The issues facing the schools is more about resources for development and research. For Davis it is the politics of UCLA and Cal wanting to remain the flagships of the UC system. Both are seriously hemmed in by urban development and so have very limited student enrollment additions possible. UC Davis on the other hand is in a rural area and literally has the land space to double in size, to perhaps be a 45-50,000 student undergraduate program. But their growth is targeted at a much lower pace despite California having a significant shortage in residential seats and a population that is almost 40 million now. Basically population has doubled in the last few decades but residential seats have not come close to keeping pace.

This has nothing to do with athletics, except that finding Chancellors who are not too ambitious is part of the formula. UC Davis' restriction is more self imposed and psychological.

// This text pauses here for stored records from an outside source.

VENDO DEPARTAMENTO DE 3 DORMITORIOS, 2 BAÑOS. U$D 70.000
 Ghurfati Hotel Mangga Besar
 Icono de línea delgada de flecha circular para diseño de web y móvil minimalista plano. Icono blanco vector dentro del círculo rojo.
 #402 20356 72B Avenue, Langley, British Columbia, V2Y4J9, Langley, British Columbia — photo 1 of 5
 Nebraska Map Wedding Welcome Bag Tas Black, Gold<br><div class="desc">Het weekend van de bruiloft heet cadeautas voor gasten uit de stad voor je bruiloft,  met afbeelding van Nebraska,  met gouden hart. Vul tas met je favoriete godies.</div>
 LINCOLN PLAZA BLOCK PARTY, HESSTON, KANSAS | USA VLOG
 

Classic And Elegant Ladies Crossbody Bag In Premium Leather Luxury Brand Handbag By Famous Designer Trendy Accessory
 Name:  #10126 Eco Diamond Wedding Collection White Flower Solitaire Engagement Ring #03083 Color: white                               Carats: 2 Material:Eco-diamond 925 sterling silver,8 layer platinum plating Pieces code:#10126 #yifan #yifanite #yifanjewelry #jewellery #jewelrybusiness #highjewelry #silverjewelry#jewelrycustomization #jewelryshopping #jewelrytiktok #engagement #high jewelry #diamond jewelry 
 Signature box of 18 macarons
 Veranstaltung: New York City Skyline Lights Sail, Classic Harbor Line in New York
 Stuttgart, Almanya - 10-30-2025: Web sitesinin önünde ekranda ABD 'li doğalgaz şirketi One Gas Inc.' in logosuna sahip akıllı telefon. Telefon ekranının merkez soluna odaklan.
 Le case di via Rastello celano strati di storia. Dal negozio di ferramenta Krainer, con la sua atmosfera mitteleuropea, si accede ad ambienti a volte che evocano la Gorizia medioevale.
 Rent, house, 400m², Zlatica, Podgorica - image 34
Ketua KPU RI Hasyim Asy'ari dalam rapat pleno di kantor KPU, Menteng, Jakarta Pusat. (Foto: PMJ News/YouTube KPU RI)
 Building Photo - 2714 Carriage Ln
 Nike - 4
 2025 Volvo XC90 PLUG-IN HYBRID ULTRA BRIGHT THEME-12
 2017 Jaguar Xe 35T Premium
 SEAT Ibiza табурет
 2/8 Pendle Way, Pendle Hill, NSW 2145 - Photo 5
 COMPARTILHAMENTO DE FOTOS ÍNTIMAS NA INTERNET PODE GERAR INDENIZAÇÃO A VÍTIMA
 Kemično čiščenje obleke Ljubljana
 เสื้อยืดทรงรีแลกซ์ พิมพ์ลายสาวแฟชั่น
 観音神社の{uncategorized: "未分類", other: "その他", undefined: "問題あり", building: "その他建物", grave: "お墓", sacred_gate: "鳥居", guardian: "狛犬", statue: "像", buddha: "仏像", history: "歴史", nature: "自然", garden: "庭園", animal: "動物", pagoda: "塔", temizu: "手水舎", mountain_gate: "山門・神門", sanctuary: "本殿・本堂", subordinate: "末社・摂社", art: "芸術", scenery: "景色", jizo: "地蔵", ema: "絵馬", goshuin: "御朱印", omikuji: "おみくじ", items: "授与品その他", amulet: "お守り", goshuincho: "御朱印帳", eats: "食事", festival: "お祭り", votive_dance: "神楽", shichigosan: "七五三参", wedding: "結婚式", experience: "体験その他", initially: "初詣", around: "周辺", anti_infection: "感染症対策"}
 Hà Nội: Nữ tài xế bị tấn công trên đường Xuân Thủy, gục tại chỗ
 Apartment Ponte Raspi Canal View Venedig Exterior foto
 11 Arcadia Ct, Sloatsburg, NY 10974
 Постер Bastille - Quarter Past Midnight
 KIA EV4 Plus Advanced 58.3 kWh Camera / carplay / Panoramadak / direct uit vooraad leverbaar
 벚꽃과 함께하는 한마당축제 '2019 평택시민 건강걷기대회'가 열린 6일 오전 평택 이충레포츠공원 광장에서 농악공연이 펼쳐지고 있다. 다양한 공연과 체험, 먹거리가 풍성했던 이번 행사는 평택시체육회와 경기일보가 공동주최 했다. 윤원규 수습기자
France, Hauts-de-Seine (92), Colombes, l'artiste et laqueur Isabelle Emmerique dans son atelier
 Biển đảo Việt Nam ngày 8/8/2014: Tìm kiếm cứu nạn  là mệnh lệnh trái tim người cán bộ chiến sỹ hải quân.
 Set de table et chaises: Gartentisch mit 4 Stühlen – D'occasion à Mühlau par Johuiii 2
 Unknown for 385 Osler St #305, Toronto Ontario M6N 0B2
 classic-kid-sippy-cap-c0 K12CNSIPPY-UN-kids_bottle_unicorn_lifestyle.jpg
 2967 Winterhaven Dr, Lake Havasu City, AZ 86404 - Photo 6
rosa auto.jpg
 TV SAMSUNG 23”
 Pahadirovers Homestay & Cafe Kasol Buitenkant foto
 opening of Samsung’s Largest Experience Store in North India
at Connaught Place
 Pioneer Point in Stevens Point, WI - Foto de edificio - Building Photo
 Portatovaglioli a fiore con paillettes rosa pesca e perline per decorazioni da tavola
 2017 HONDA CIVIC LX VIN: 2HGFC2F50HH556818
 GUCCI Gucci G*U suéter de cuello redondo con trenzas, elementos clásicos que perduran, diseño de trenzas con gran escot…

The Cal States face a much harder time, as the budget is always crimped for them, and UC pressure to not allow any of their campuses to truly develop in residential and research Universities. This results in a lower student success rate and lower donations by a few orders of magnitude. The way to think of it is California has a tier 1-A+ system and a tier 3 system, with no tier 2. It's a long standing feature of California politics, which is not really party related. What it means is any overly ambitious CSU President will find their wings clipped fast, and their school unable to take advantage of the opportunities all around them. I marvel at how SDSU has pushed the envelope as far as they have.

All this is a long winded way of saying, the CSUs are charter and funding restricted, and the UCs have more subtle pressures, which really are only to protect UCLA and Cal as flagships. But all UCs have the funding to pretty much do what they want if their leaders have the guts to do it.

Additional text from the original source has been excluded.